While turn models can be confusing, we have listed the characteristics of the most popular wood bat turn models below. Try to pick the model that best matches your hitting style!
- 271 Turn: This is the most popular turn model in baseball. It has a quick taper between the barrel and handle. This has a slightly end-loaded feel with a medium-sized barrel. This model works best in the hands of a contact or power hitter. Check out the 271 Turn from B45 here!
- 110 Turn: If you are looking for a balanced swing feel, the 110 turn is the way to go! This makes it a great bat for players who might be new to wood. It features a thick handle for good durability and a larger barrel for a big sweet spot. This model works best in the hands of a contact hitter as it is quick through this zone. Check out this custom 110 Turn from Homewood Bats here!
- 243 Turn: For those looking for the largest barrel possible, the 243 is the bat for you. Its large barrel is paired with a thin handle to create an end-loaded feel. While these characteristics might make the bat hard to control for new hitters, the 243 is a great choice for the power hitter looking for maximum pop at the plate. Check out the 243 Turn from Victus here!
Benefits of Wooden Baseball Bats
Despite the technological advancements and flashy designs of metal bats, wood bats will never go out of style. Their timeless appeal and unique set of benefits make wood bats a compelling choice for players at all levels. Here are a few reasons why you should consider picking up a wood bat for yourself:
1. Feel and Feedback Advantages
The feel of hitting a baseball with a wood bat is unparalleled. Whether it’s off a tee or in a game, every swing provides immediate feedback, allowing you to fine-tune your mechanics to improve your performance. Wood bats communicate with the user more than metal bats and offer the satisfaction of a sweet crack when you get it right.
2. Skill Development
Similarly, using a wood bat helps you master the art of hitting. The smaller sweet spot and the need for precise hand-eye coordination promote the need to focus on mechanics. Additionally, wood bats demand a higher level of focus and discipline in the batter’s box. Finally, using a wood bat in formative years can help prepare you for the transition to more competitive stages of play, such as high school, college, or professional.
3. Swing what your favorite pro does!
Is your favorite player Mike Trout? Or maybe Fernando Tatis? A wood bat gives you the chance to step into the box with the same bat as your favorite player. Many manufacturers offer the same model bats that they custom make for professional players to the public. These bats are the result of collaboration between players and manufacturers so you can feel confident that your bat is the right tool for the job.
See Mike Trout’s Model here
See Fernando Tatis’s Model here
4. Natural Aesthetics
One appeal of wood bats is their natural beauty. The natural grain and wide variety of finishes give each bat a unique character. This element sets wood bats apart from mass-produced metal or composite bats.

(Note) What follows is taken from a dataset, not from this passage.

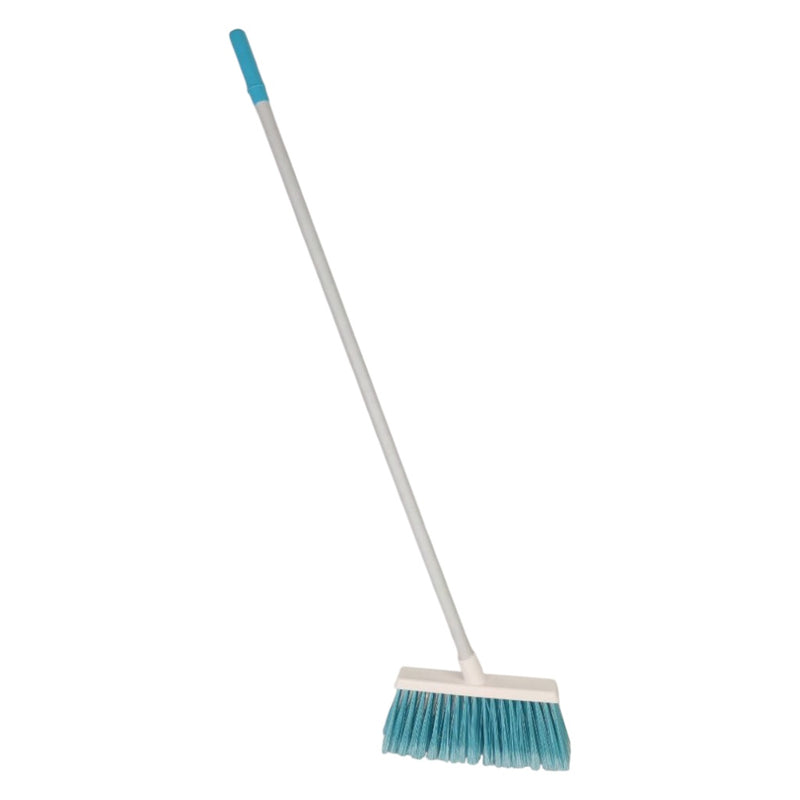 Cleaning brush with blue bristles and handle on a white background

Drawbacks of Wooden Baseball Bats
One significant drawback of wooden bats is their higher susceptibility to breakage. Wood bats can break when contact is made away from the center of the barrel. It is common to break a wooden bat during contact on the end of the bat or off the handle where the wood is thinner and weaker. The manufacturing process of wooden bats can result in variations in quality. Unlike metal bats that are precision-engineered for consistent performance, wooden bats may exhibit differences in weight, balance, and sweet spot location. This lack of consistency can affect a player's ability to predict how a bat will perform in different situations. Wood bats also need different care than metal bats. They need to be stored away from moisture and humidity to maximize the lifespan of the bat.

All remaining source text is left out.